For those who want to open life’s envelope rather than pass it on sealed, you will find no better companion than Jana Richman. Her new book of essays, Finding Stillness in a Noisy World, provides soul food for end times. Couldn’t we all use a dose of soul food right now?
A sixth-generation Utahn and a gifted writer, Richman has given us four books rife with pleasure and trouble. She dares to take her seat right in the middle of conflict. Her novels (The Last Cowgirl and The Ordinary Truth) explore the particularities of family drama in times of drought, both emotional and environmental. Her memoir Riding in the Shadows of Saints simply claims the entire scope of Mormon history, on a solo motorcycle tour. In her new collection of essays, published by University of Utah Press, Richman’s voice holds such assurance and humility, the reader can relax and relent and recall what it is to be thoughtful in and about one’s place.

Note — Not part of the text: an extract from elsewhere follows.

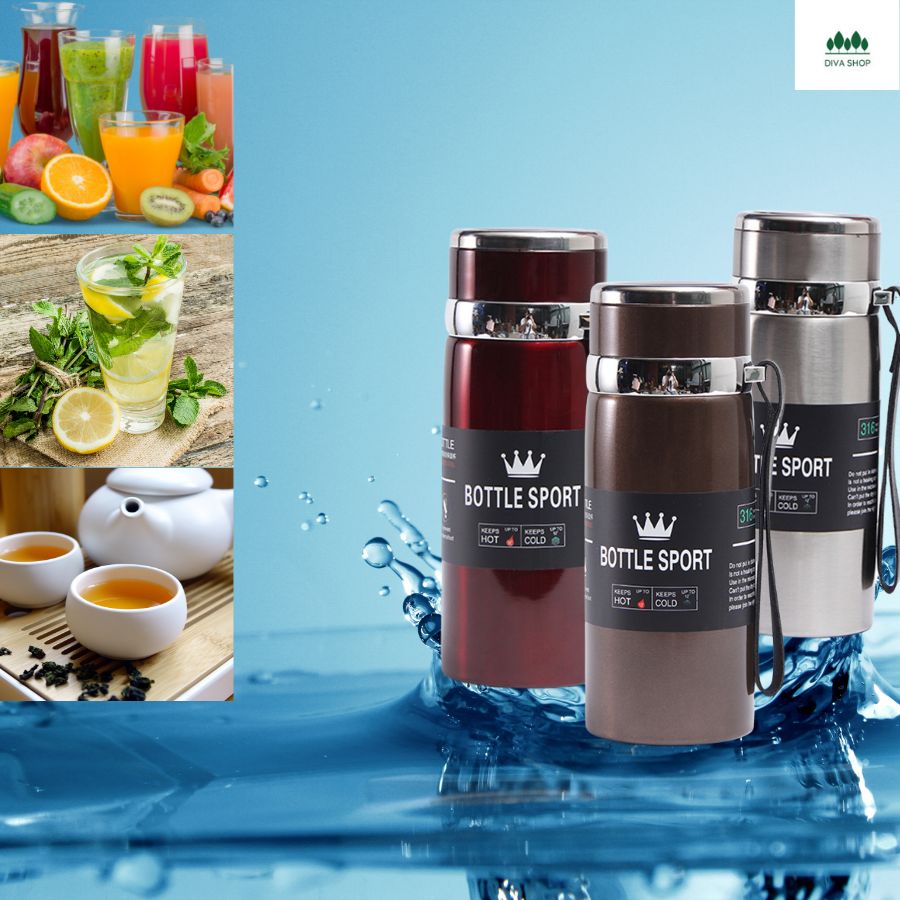 Bình Giữ Nhiệt Nóng Lạnh Inox Kiểu Dáng Thể Thao Bottle Sport 1000ml Có Dây Xách Và Khay Lọc Trà Tiện Dụng Thời Trang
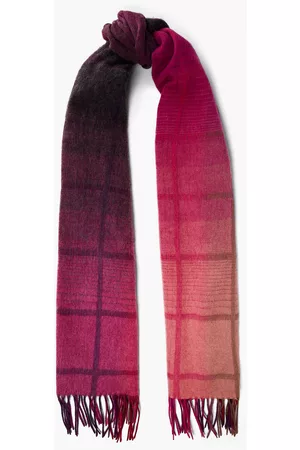 Paul Smith Andromeda fringed dégradé checked wool scarf - Purple - OneSize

These are certainly not namby-pamby essays. A stubborn rancher’s daughter, Richman lives by choice in Escalante where Bill Clinton was burned in effigy on Main Street after Grand Staircase- Escalante National Monument was born. She writes eloquently of what the locals there are losing as times change and jobs end and newcomers bring new ideas to rural life. She says of the desert that she calls home: “It never gets old; it never gets easy; it never stops breaking my heart.”
The topics that draw Richman’s notice are topics we all should care about: dirt, water, desert, wide-open spaces, how nature informs everything we think and do, how it informs our psychology, builds the structures of a well-lived life for us. “Fusion with the natural world might be the only way to get to the core of ourselves,” Richman claims. Her essays go hiking, survive grad school, explore marriage, sink neck deep in mud, cast close backward glances at family dynamics. All of the essays concede the complexities of the Noisy World yet rest on a bedrock of quiet. She is a writer who knows and cherishes nature beyond words:
“The wonder of a place is its indifference to us.”
“Nothing illuminates irrational fear more brilliantly than sun burning off slickrock.”
“As I age, things work their way up to the surface like bones in sand.”
“I want to experience the slight shift in consciousness and the small opening of my heart that almost any place can offer if we pause long enough to allow it.”
I could not put the book down. It fed longings I hadn’t made time for and good old hunger sprang up afresh as I devoured essay after gorgeous essay. The takeaway from this slender book, for me, was respect. Richman’s deep respect for the desert, for her husband, and for the processes that allow us to become wiser, gentler human beings. The book will slip right into your backpack and welcome all the love and sweat you care to give it. Finding stillness in good company remains a noble pursuit.
Excerpt from “Stay”
I have often wondered if staying for me is a circumstance of fate. Had I been blessed with financial means would I be one of the widely traveled sharing stories at cocktail parties? I suspect not. An indefinable combination of life’s offerings and deficits brought me here, and I want to know why my homing device is set to the coordinates of dark sandstone canyons. My knowledge of this place is the depth of a rain puddle, yet somehow I know that my understanding of this place is fundamental to my understanding of this life. Both of those things may be out of my reach, but the pursuit seems worthy nonetheless.
I want the wisdom this place offers—not to make me more knowledgeable but to make me more whole—to fill the gaps in my being. On my darkest days, the days when my anxiety surges, the days when I believe the message of my modern brain: a full bank account is the path to peace—on those days I travel. Not to Myanmar, not to Tanzania, but to this place—a spot in the sand below a black shaman with red arms—because this is where my modern brain is quieted by my ancient soul. And it whispers stay, listen.